Are Hudson County developers taking a cue from New York City Mayor Michael Bloomberg? According to Jersey City’s urban planners, they are.
Jersey City’s Division of City Planning says that local developers are setting their sights on smaller rental residential units that are cheaper for them to build – and more affordable for cash-strapped renters to move into. While there don’t appear to be any micro-studios in the works, as has been proposed in New York, a few units that are below the 800-square-foot threshold are on the drafting tables.
“In the heady days of real estate, in the early part of the 2000s, our mindset was to make housing units bigger and bigger because we thought it would make them more desirable,” said Robert Cotter, director of the Division of City Planning. “Ten years ago we got a law passed that required a nine-foot ceiling in all units. Then market forces began to creep in here and we all know the bubble burst. Developers now realize, not only is it cheaper for them to build smaller units, but there’s actually a demographic that is willing to live in something that’s only 450 or 500 square feet.”
When real estate in Jersey City was at its peak, Cotter said some residential units had anywhere from 900 to 1,700 square feet of living space.
‘A growing trend’
It’s an idea possibly borrowed from Jersey City’s neighbor to the east.
In July, New York City Mayor Michael Bloomberg announced a competition for developers to design what he is calling “micro-studios” of 275 to 300 square feet for single people who cannot afford the city’s current housing stock.
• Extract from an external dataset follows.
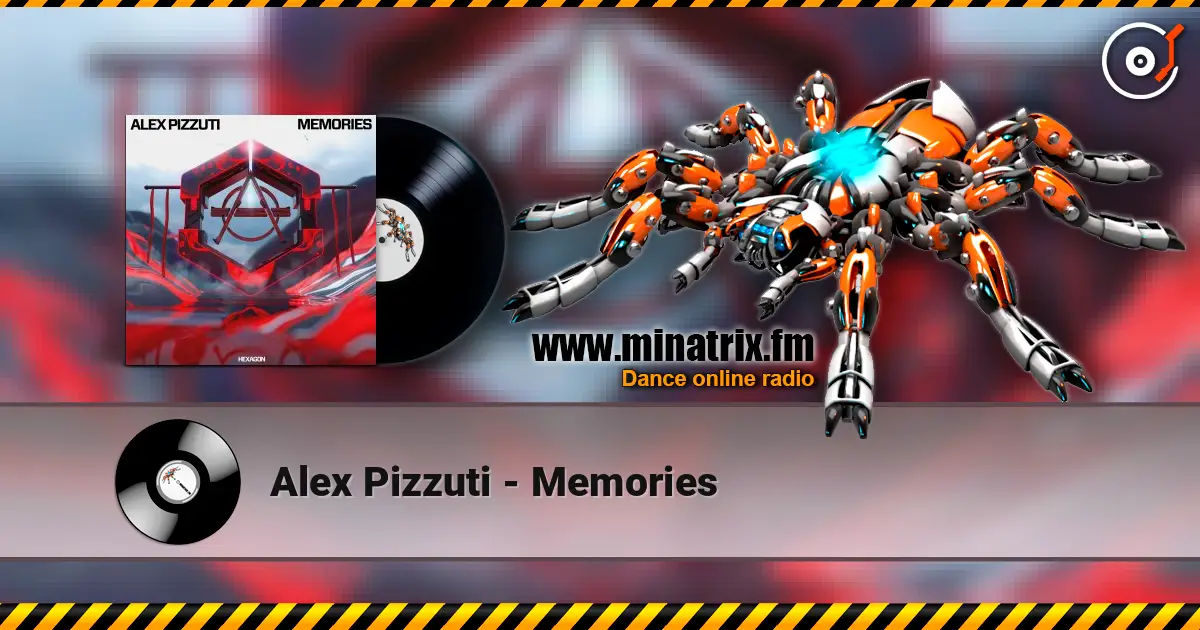 Alex Pizzuti - Memories 高品质在线收听 | Minatrix.FM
At present, New York City law requires that housing units be at least 400 square feet. But Bloomberg has proposed revising the law to allow smaller units to be built.
“This is a growing trend going on in cites and states along the coasts,” said Cotter. “The Bloomberg idea is not completely new. We have the Ironstate development [developed by Ironstate of Hoboken] going up on Newark and Third Street. They have an experimental unit in that building that’s about 400 or 450 square feet. It has movable walls, so you can open your bedroom up and include it as part of your living room. It has some built-in furniture that can be easily moved and concealed to create more floor space. So, we’re going to see more of this kind of design, not just in New York, but in Jersey City and Hoboken as well.”
‘Younger people are looking for their first place and looking for something they can afford [with the income from] their first job.’ – Robert Cotter
Units that are 200 square feet are already being developed in Seattle, San Francisco, and Portland, Oregon, Cotter said.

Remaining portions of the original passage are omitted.